#7 My Pitch Plan

Everyone’s eaten a dairy product, right? You’ve probably had milk, or cheese, spread butter on something, and eaten ice cream. And you’ve probably looked at the company brand and wondered where it came from. But have you ever wondered who is working on the farms? Most people don’t. Most people also don’t think about whether the workers on the farms are immigrants and what their situation is. I’m going to tell you the story, why you should care, and I want to do with this issue.

The economy of Vermont is mostly based off of agriculture and that includes dairy. Actually 70% of the economy is dependent on the farms in our state. That’s almost 3/4 of our economy. Most dairy farmers hire migrant workers because they are willing to do the work and will do it for less than the minimum wage. Most Americans are not willing to do the work even if they are jobless. Instead they go to college for white collared jobs, leaving mostly immigrants to work Vermont’s farms. What do you think would happen if you deported all of the immigrants? No one would be left to work on the farms, resulting in the farms closing down, causing the companies that were supplied by the farms to close down. This would then cause a lot of people to loose their jobs and they would either move out of the state to find better ones and therefore the population of Vermont would decrease, or they would go into debt. Those two scenarios both would lead to a possible economy collapse, all because you took away the migrant workers.

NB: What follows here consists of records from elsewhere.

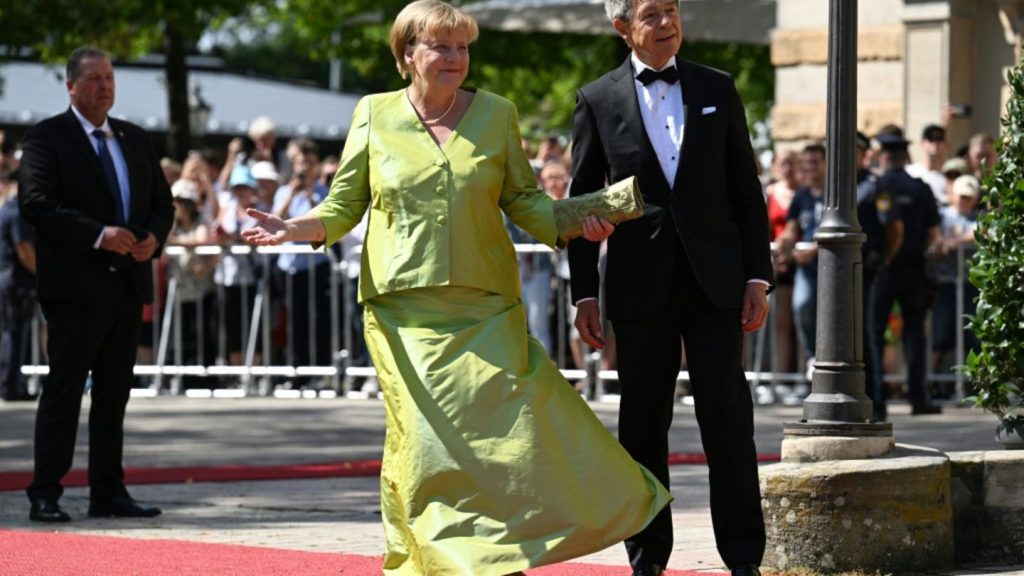 Merz und Merkel bei Eröffnung von Bayreuther Festspielen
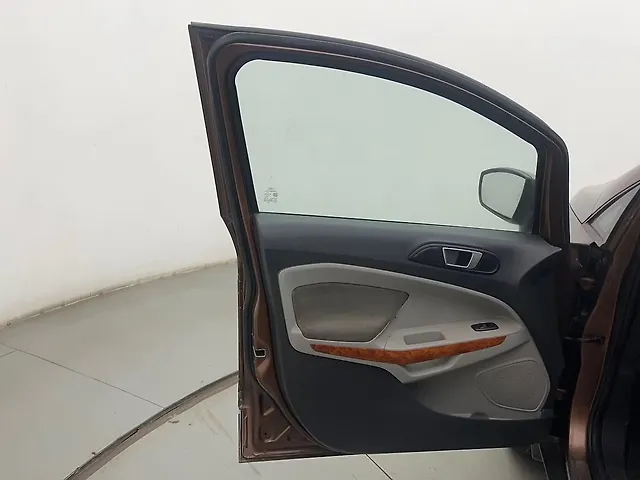 Used Ford EcoSport [2015-2017] Titanium 1.5L Ti-VCT Black Edition AT in Mumbai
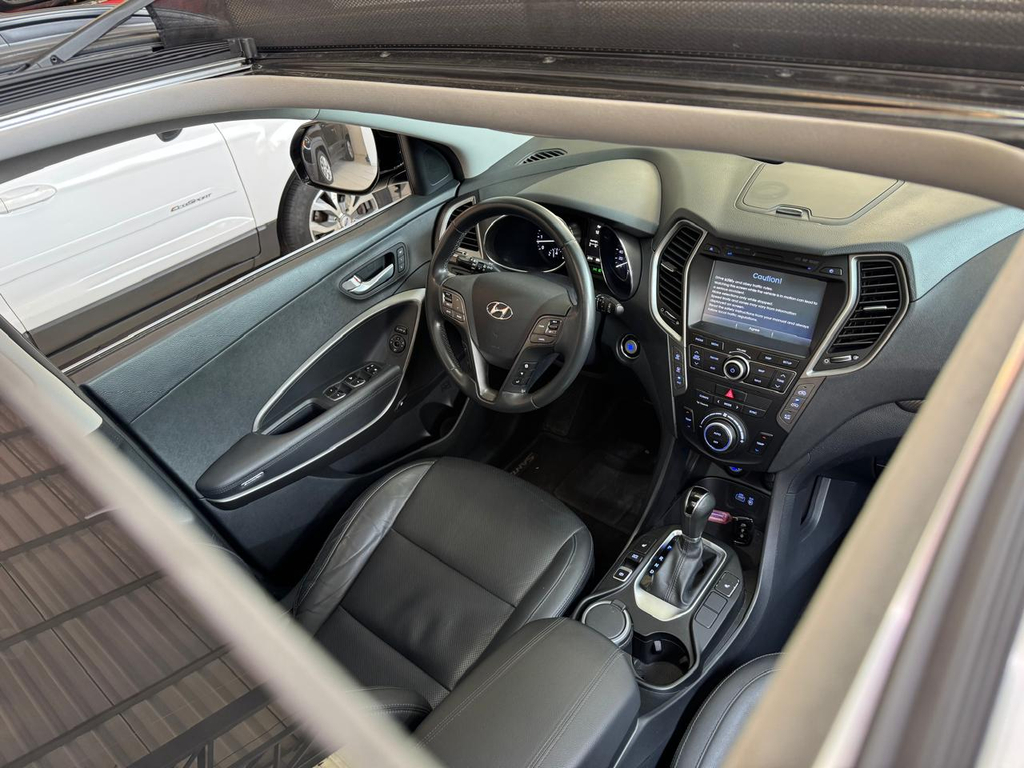 Hyundai Santa Fe Preto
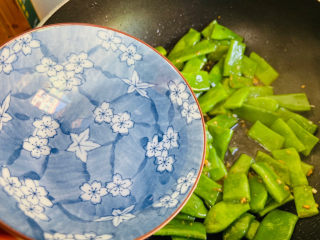 17、爆炒豆角,淋入少许热水翻炒片刻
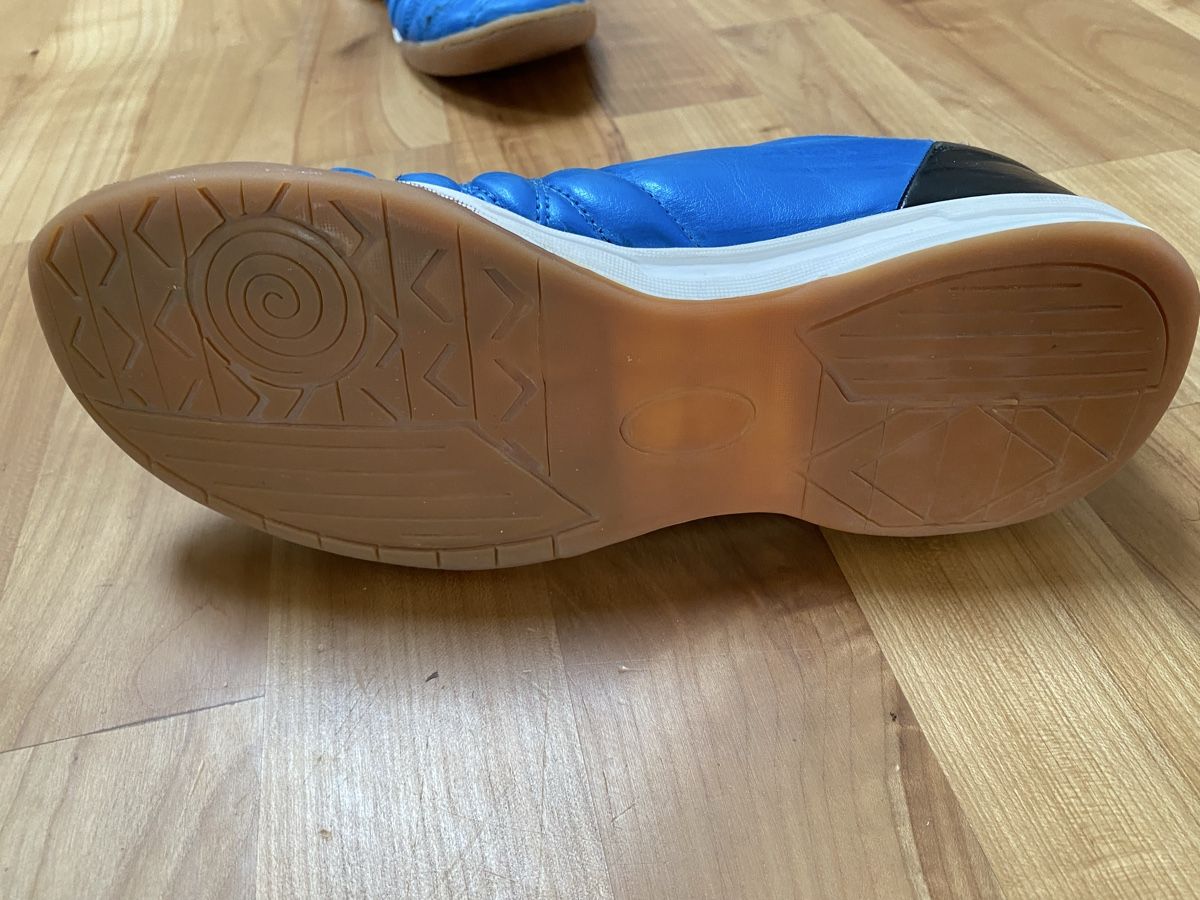 Scarpe da uomo: Hallenturnschuhe Grösse 38 – Usato da Basel venduto da lxbsl 2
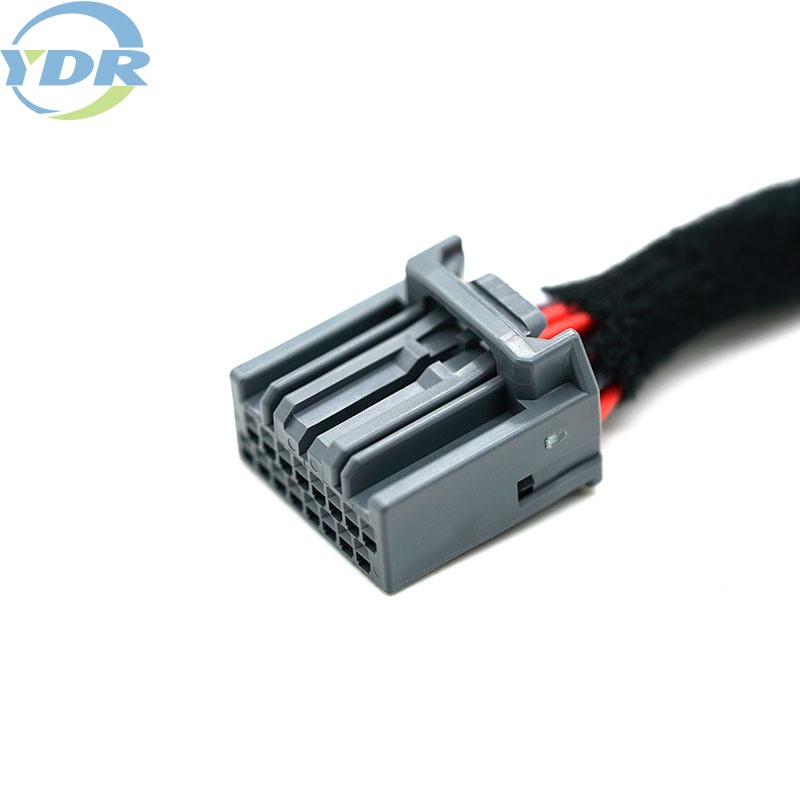 Каква е разликата между кабелен комплект и комплект снопове?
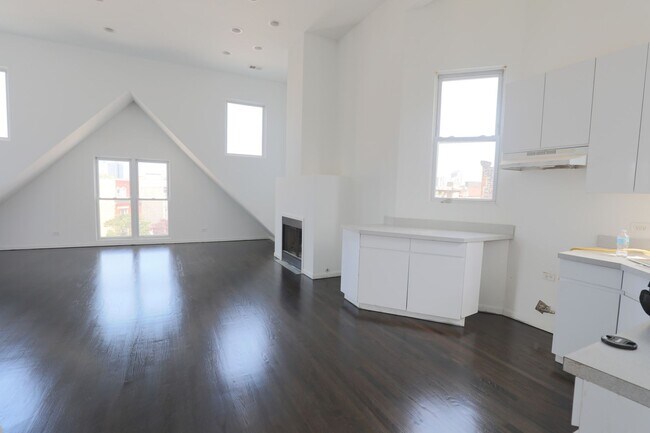 Building Photo - 3328 N Clark St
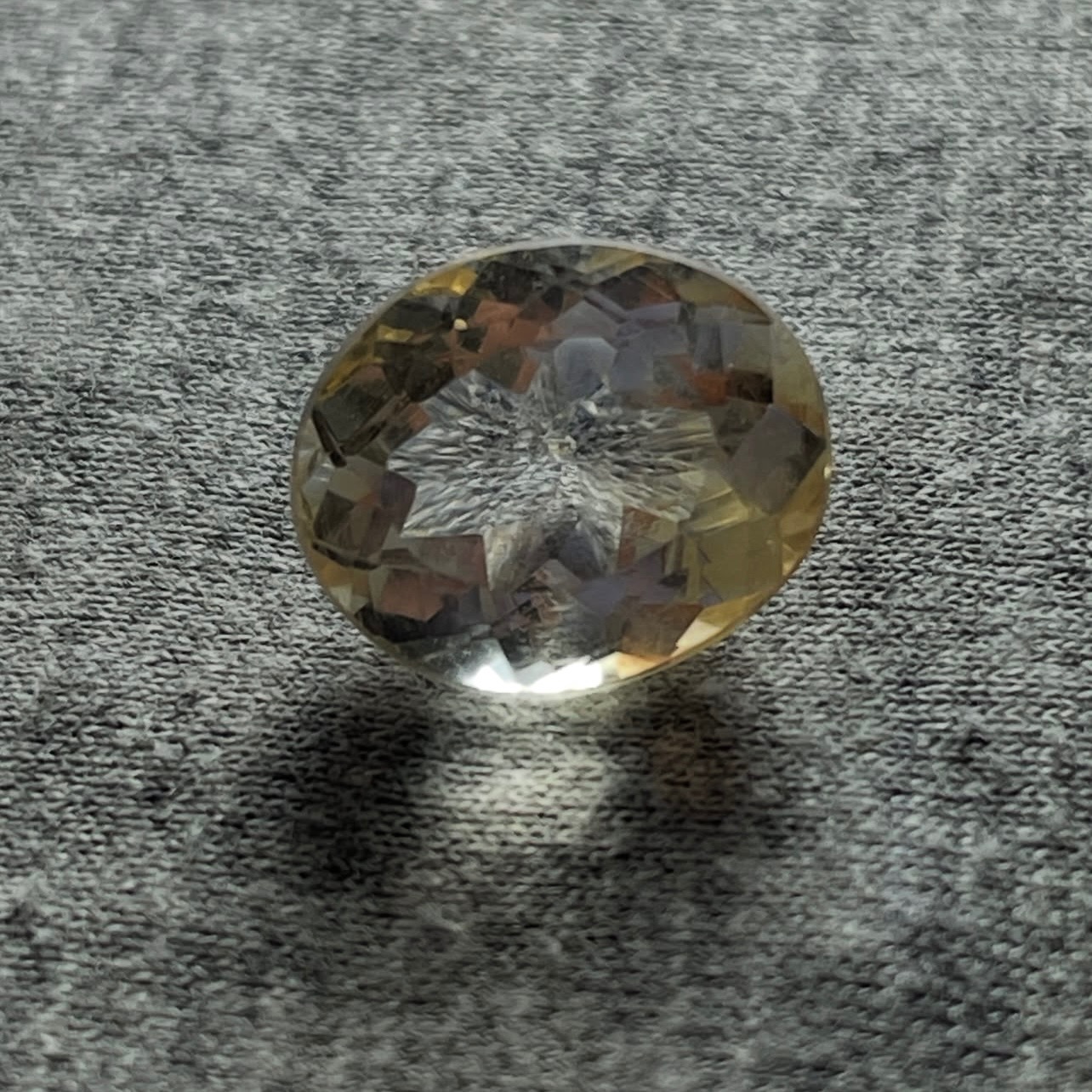 جواهر سیترین طلایی معدنی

As I already said, farmers hire migrant workers because they are hardworking and willing to do work no one else will do. What I didn’t say was that these immigrant workers need these jobs, desperately. The tiny amount of money that they earn goes to either themselves or their families that are either in the US or in their origin country. The migrant worker’s dependency of the job can lead to abuse from the farmer. Some farmers threaten workers with deportation or having them be fired whenever they come to them with a complaint about their living situations, work hours, and/or wages. Migrant workers live in small, unfair quarters. The regulation says each immigrant should have 200 square feet to live in. It’s required to have a functioning bathroom and kitchen, but these regulations aren’t monitored. How could they be if the people they were trying to watch weren’t supposed to be there? The migrant workers are also paid below the minimum wage and work 12 hours a day and sometimes 7 days a week.  They have to provide their own food and can’t drive. They aren’t allowed to get and education and if someone gets hurt, they would rather treat it at the farm than call an ambulance and risk getting deported.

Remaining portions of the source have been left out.